Ukraine Appeal Tops £250,000

Latest figures show the Bishop’s appeal for Ukraine has now raised more than £250,000 – with prayers still focused on peace as Easter approaches. Partnered with USPG, the Diocese in Europe is supporting emergency relief and long-term support for Ukrainian refugees and internally displaced persons through the appeal.  

Hundreds of people have been taking part in vigils held by the Diocese in Europe every Wednesday evening to pray for peace throughout the war. This week, more than 250 people across Europe and beyond joined together for a Holy Week Prayer Vigil for Peace in Ukraine. Bishop Robert led the service and Duncan Dormor, General Secretary at USPG, gave a reflection. Join in prayer and watch the service here. 

“I am humbled and delighted that our Lent and Easter Appeal for Ukraine has now raised over £250,000,” said Bishop Robert. “This money will continue to be used for immediate disaster relief and is available for chaplaincies working with refugees. In addition, a portion of these funds will be available towards the longer-term project of rebuilding.”  

Since Russia invaded Ukraine on 24 February, more than 10 million people have lost their homes. Nearly 4.8 million people have fled the war to countries across Europe according to the United Nations High Commissioner for Refugees (UNHCR). A further 6.5 million people are internally displaced in Ukraine. Two in three children have been displaced report UNICEF. 

As the focus of the war switches to the east, more details have emerged on the murder and torture of Ukrainian civilians.  Plans for humanitarian corridors for Easter Saturday to help people reach safety have been halted as they are deemed too dangerous.  

“As I write these words, more military vehicles, artillery and troops continue to pour into Eastern Ukraine,” continued Bishop Robert. “The Russian military campaign has so far left cities across the country in ruins, forced millions to flee from their homes and raised disturbing accounts of atrocities committed by soldiers. It is already clear that even in the best outcome, recovery from this conflict will be a huge undertaking.” 

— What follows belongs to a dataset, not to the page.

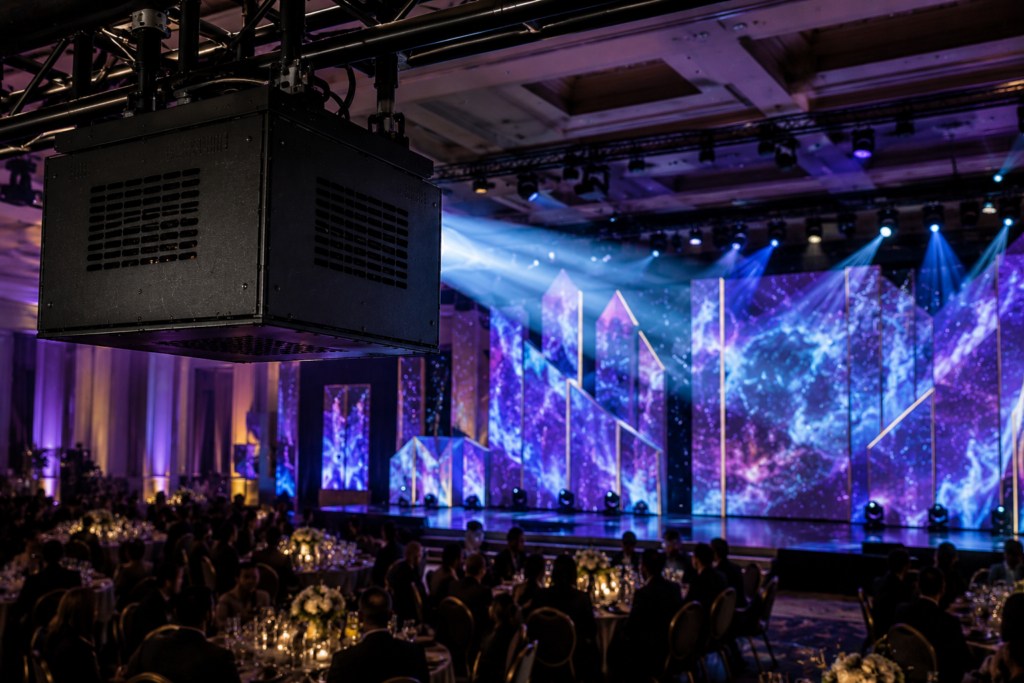 Fan-cooled projector enclosure used for event projection mapping with the projected stage as the main focus.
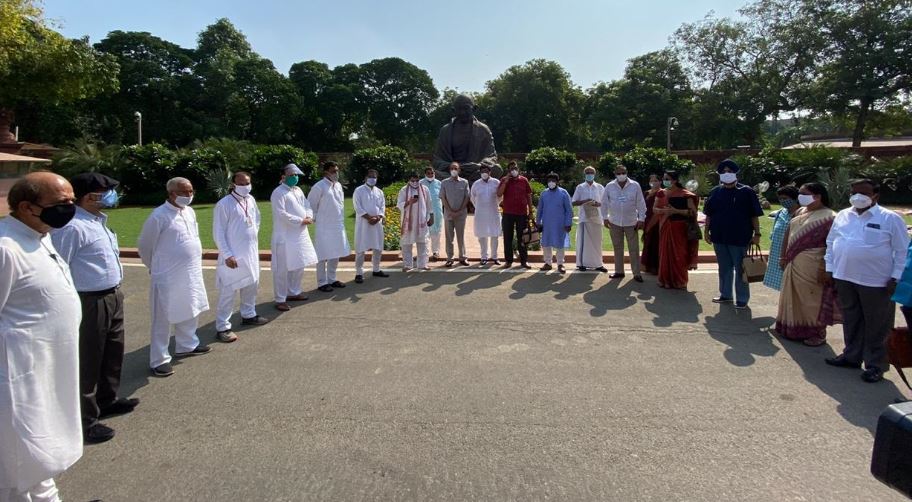 Opposition MPs stage protest before Gandhi statue in Parliament premises on Tuesday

The Diocese in Europe has chaplaincies across Europe supporting refugees fleeing war. Partnered with organisations who have existing projects in Ukraine, the Diocese in Europe and USPG are supporting humanitarian relief, accommodation and socio-psychological care to those affected by war in Ukraine through their joint appeal. “I extend my warm and sincere thanks to all who have donated so generously towards this appeal,” said Bishop Robert.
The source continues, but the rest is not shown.